WORK TO BE COMPLETED:
In the reply, give back exactly the lines from the one with "Un espace extérieur" through the last line of the records, without pictures.

Web page caption snippets:
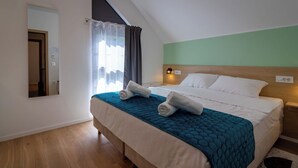 Een hotelkamer met een bed, nachtkastje, spiegel, raam met gordijnen en een houten vloer.
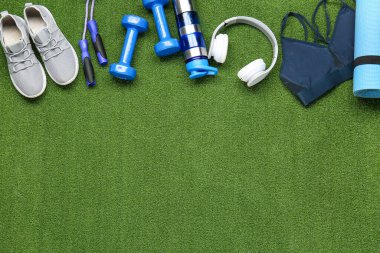 Spor ekipmanları, arka planda bir şişe su ve kulaklık.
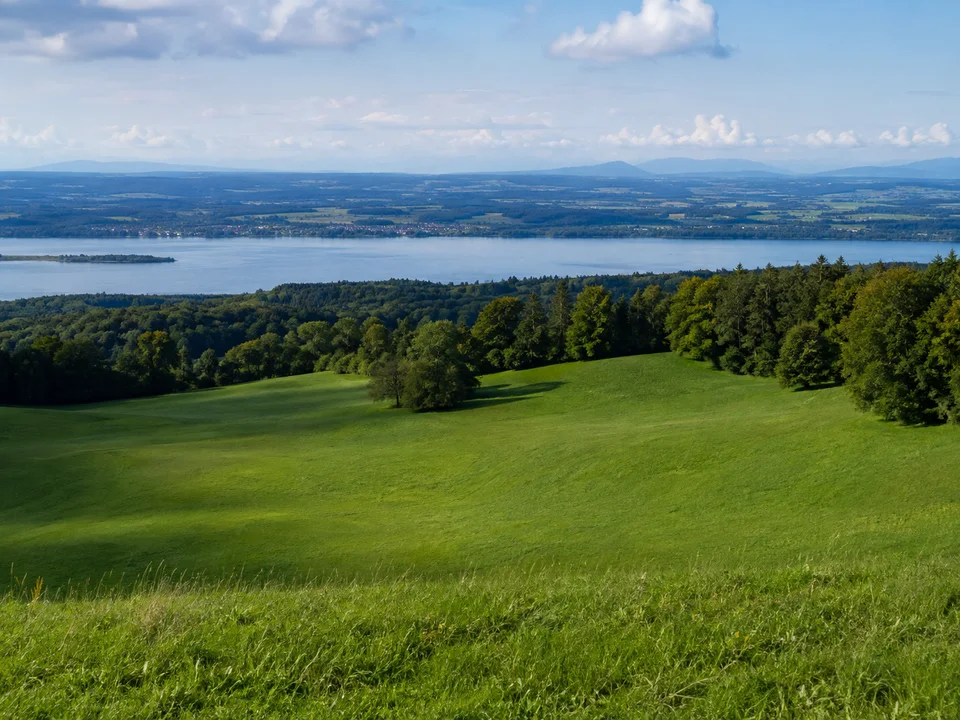 Aufkirchener Höhen: wellige grüne Wiesen oberhalb des Starnberger Sees mit Waldsaum und weitem Voralpenlandblick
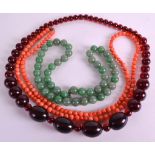 AN EARLY 20TH CENTURY CHINESE CARVED CORAL NECKLACE together with a thick green hardstone necklace &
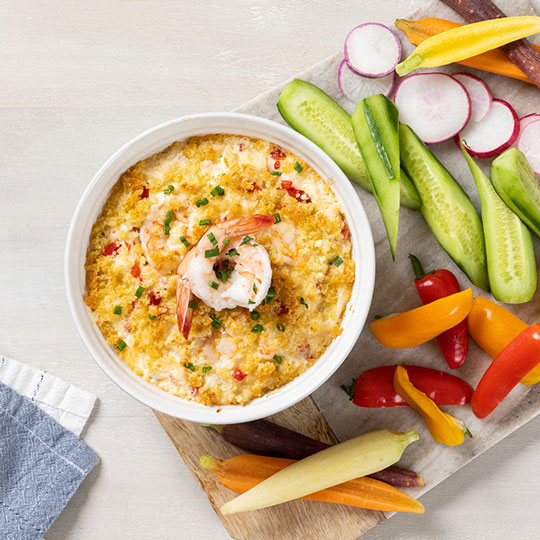 a bowl of baked shrimp dip with vegetable crudite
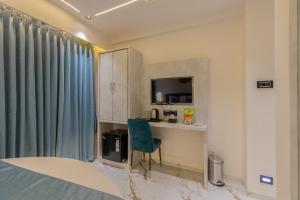 a room with a bed and a chair and a television at Hotel Windsor Castle in Mumbai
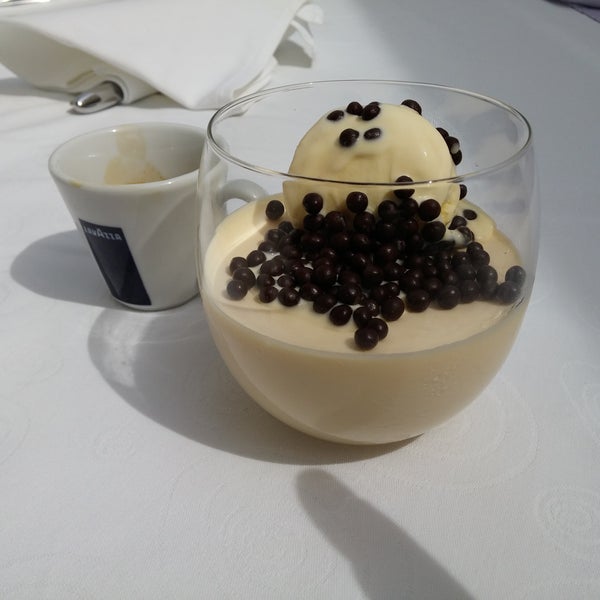 Dessert white chocolate]  mousse with baileys poured over with espresso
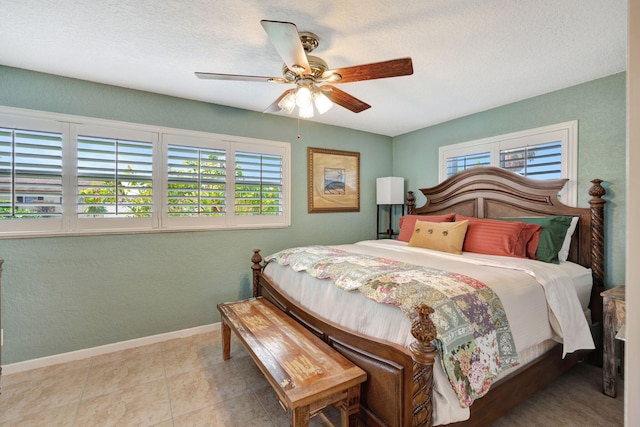 bedroom featuring a ceiling fan, a textured ceiling, baseboards, and tile patterned floors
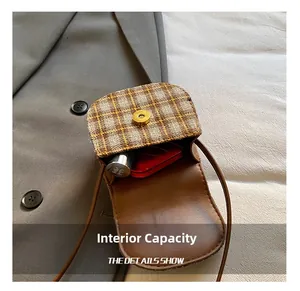 Internal capacity of mini checkered crossbody bag showing lipstick and leather details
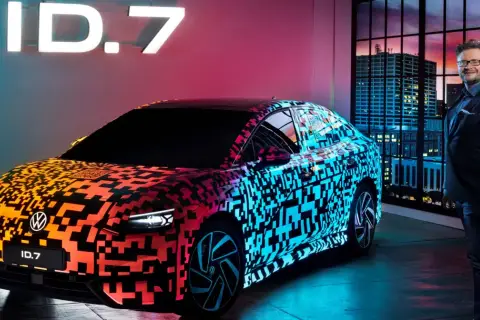 Nowy Volkswagen ID.7 prezentuje się w neonowym blasku, z efektownym wzorem QR kodu na karoserii. Obok stoi mężczyzna w garniturze, a w tle widać nocną panoramę miasta.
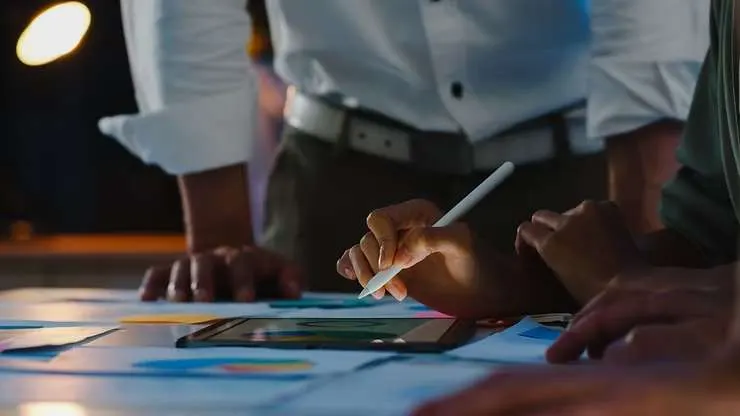 Team reviewing charts and documents on a desk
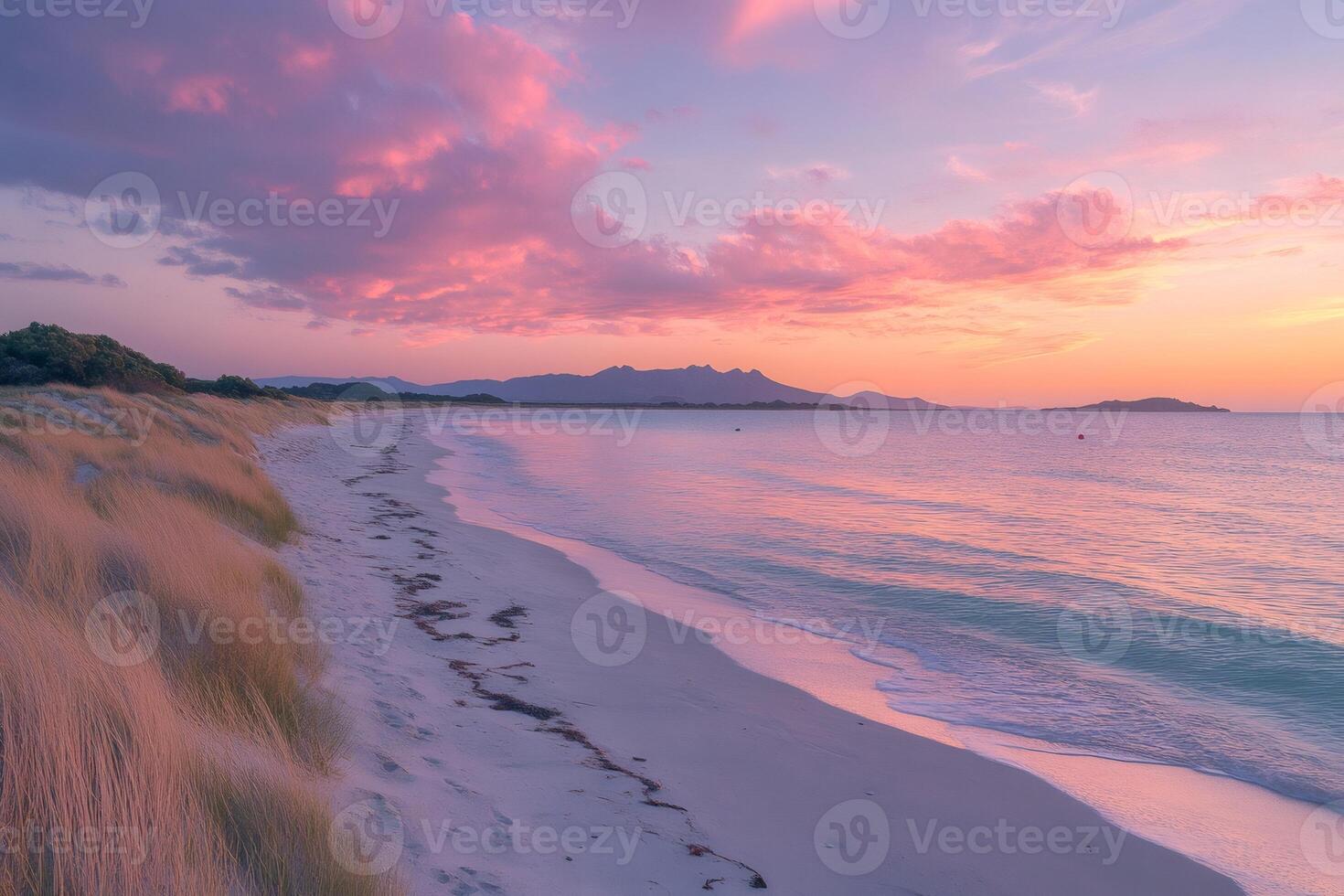 Freycinet National Park beach glows pink at sunset with The Hazards mountain range in the background photo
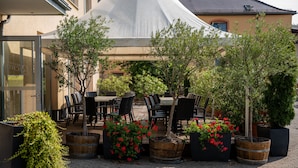 Un espace extérieur aménagé avec des tables et des chaises, entouré de plantes en pot et d’arbres.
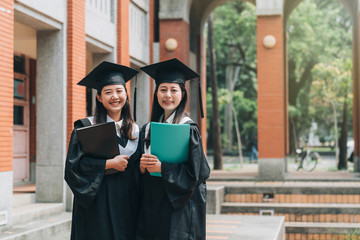 student wear university graduation uniform smile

EXPECTED OUTPUT:
 Un espace extérieur aménagé avec des tables et des chaises, entouré de plantes en pot et d’arbres.
 student wear university graduation uniform smile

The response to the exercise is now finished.